▶ **Exercise brief**
From the listing below, please restate exactly the lines beginning at the one with "Mother-Playing-Game-With-Happy-Baby-Boy-On-Sofa-At-Home" and ending at the one with "Group of professional", both included, and skip the pictures.

▶ **Data supplied**

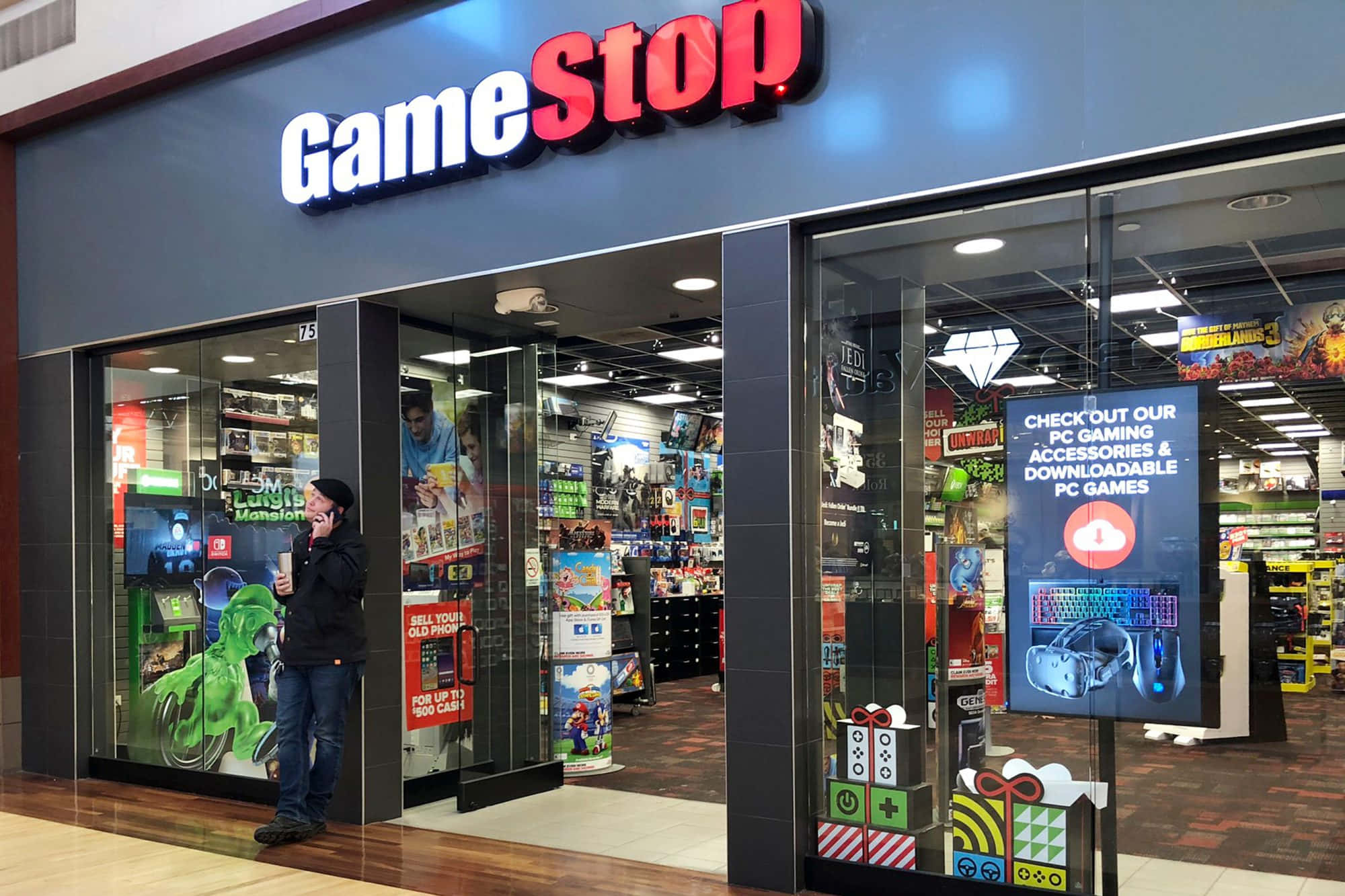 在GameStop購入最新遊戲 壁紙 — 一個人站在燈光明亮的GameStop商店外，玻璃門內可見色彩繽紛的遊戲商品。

* * *

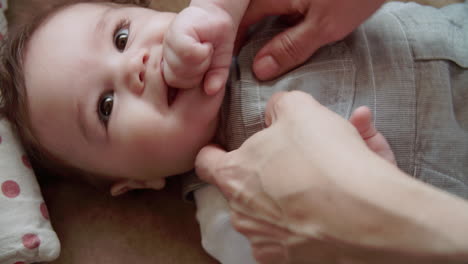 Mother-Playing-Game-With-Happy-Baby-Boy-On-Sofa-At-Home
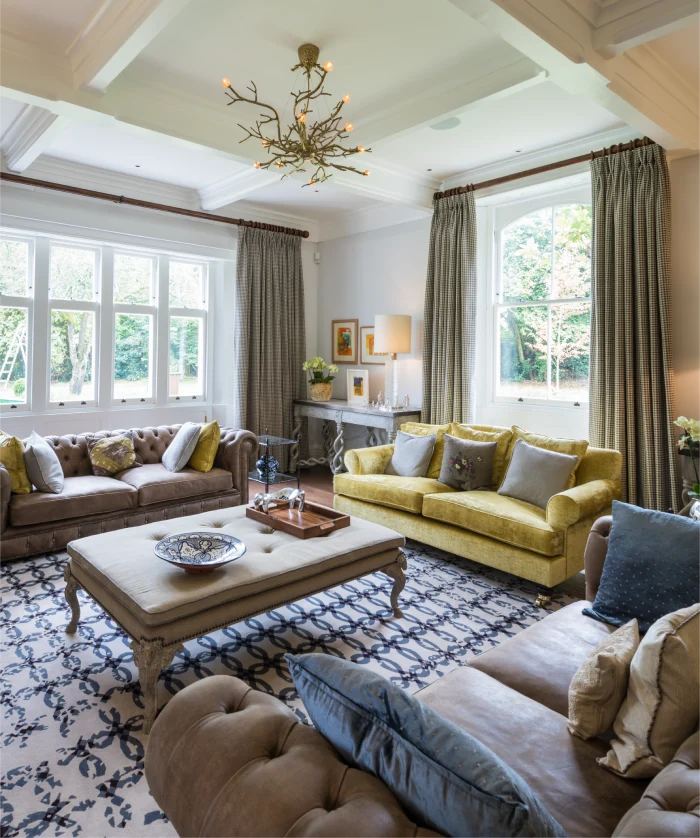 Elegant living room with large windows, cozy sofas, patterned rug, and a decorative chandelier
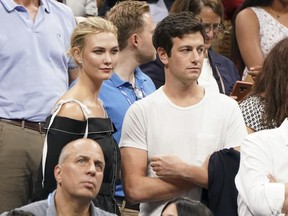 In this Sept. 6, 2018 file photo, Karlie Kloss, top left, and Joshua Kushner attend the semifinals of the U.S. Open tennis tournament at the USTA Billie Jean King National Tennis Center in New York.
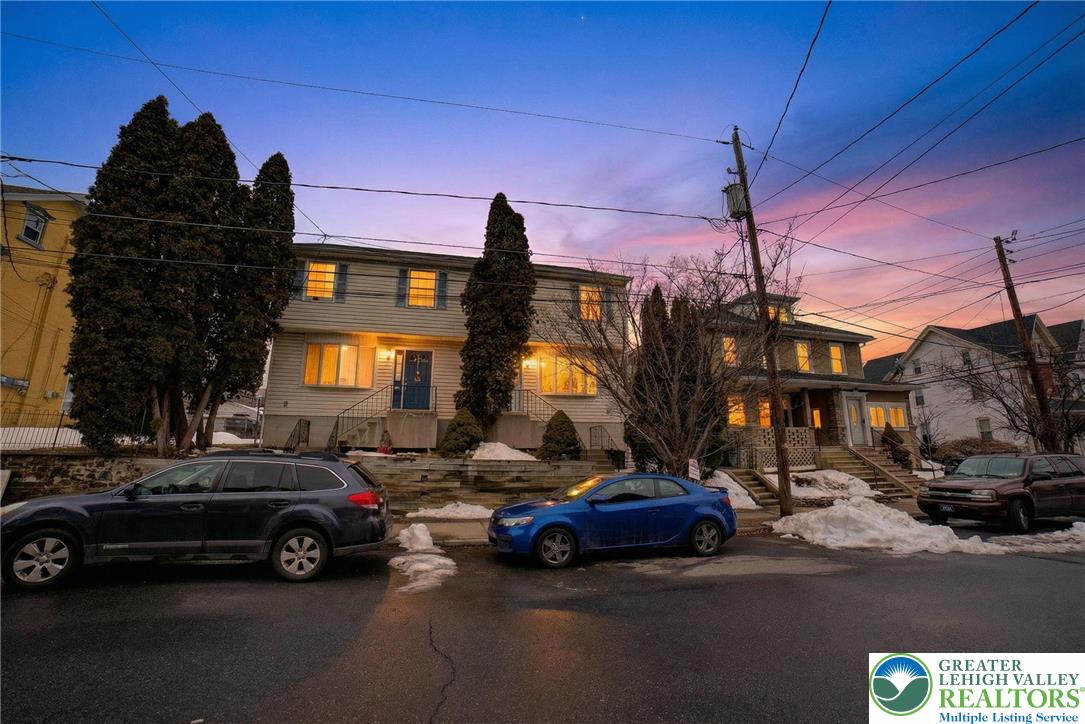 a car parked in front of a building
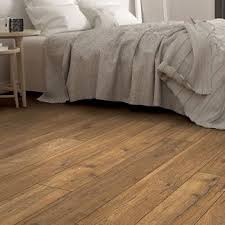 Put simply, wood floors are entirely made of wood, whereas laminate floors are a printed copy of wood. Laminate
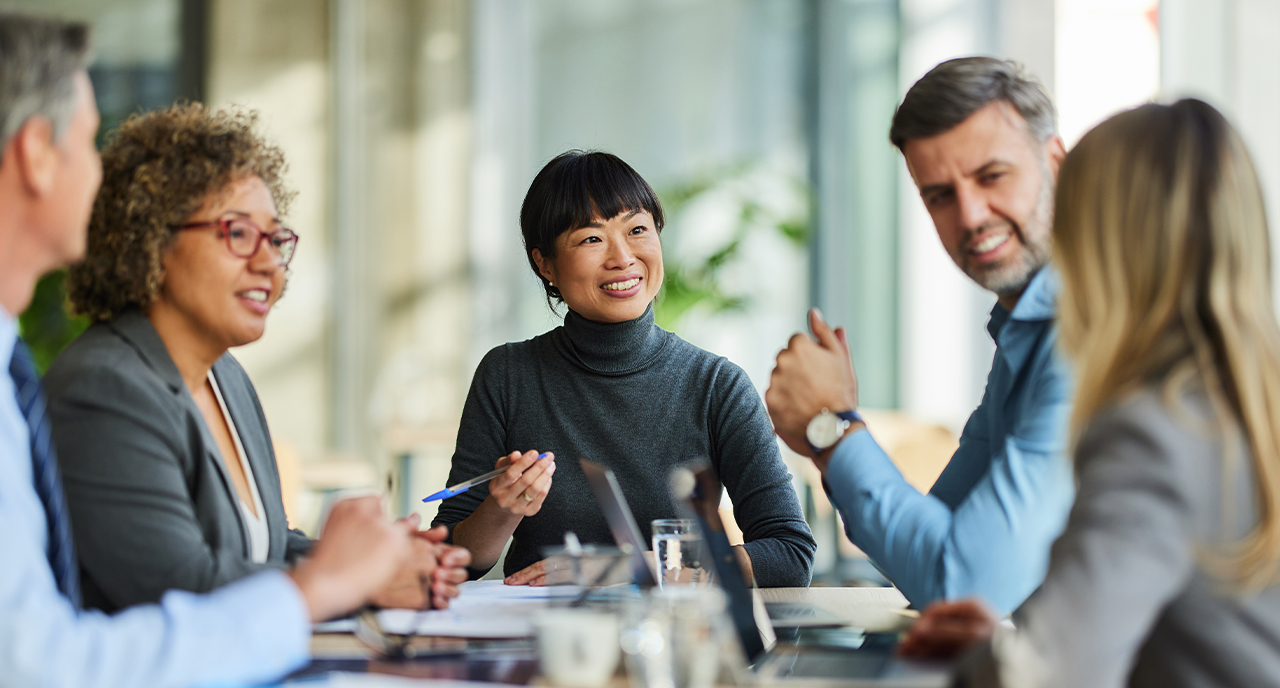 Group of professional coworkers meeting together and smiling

▶ **Output of the exercise**
 Mother-Playing-Game-With-Happy-Baby-Boy-On-Sofa-At-Home
 Elegant living room with large windows, cozy sofas, patterned rug, and a decorative chandelier
 In this Sept. 6, 2018 file photo, Karlie Kloss, top left, and Joshua Kushner attend the semifinals of the U.S. Open tennis tournament at the USTA Billie Jean King National Tennis Center in New York.
 a car parked in front of a building
 Put simply, wood floors are entirely made of wood, whereas laminate floors are a printed copy of wood. Laminate
 Group of professional coworkers meeting together and smiling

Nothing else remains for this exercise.